Barack Obama calls for `strong` climate deal in Paris
US President Barack Obama on Sunday urged world leaders to step up efforts for a "strong" climate agreement at year-end talks in Paris.
"In just two months, the world must unite around a strong global agreement," Obama said in an address to a United Nations development summit.
"All our countries will be affected by a changing climate, but the world`s poorest people will bear the heaviest burden -- rising seas, more intense droughts," Obama said.
"We`ll be seeing climate change refugees," he said.
The UN-led conference in Paris aims to seal a wide-ranging agreement to limit the worst effects of climate change.
Obama, addressing a summit on development, said that anti-poverty goals would be at risk without action on climate.
"We need to establish the tools and financing to help developing nations embrace clean energy, adapt to climate change and ensure that there is not a false choice between economic development and the best practices that can save our planet," he said.
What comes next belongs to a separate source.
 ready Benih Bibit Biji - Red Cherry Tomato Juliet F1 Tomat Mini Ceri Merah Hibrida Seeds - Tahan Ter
He cited Pope Francis, who has won a warm reception on a visit to the United States and has heartened Obama by taking up the cause of climate change.
"As His Holiness Pope Francis has rightly implored the world: this is a moral calling," Obama said.
French President Francois Hollande, the host of the talks, said Sunday that more work needs to be done to reach a serious agreement.
Obama faces strong domestic opposition, with much of the rival Republican Party supportive of the fossil fuel industry.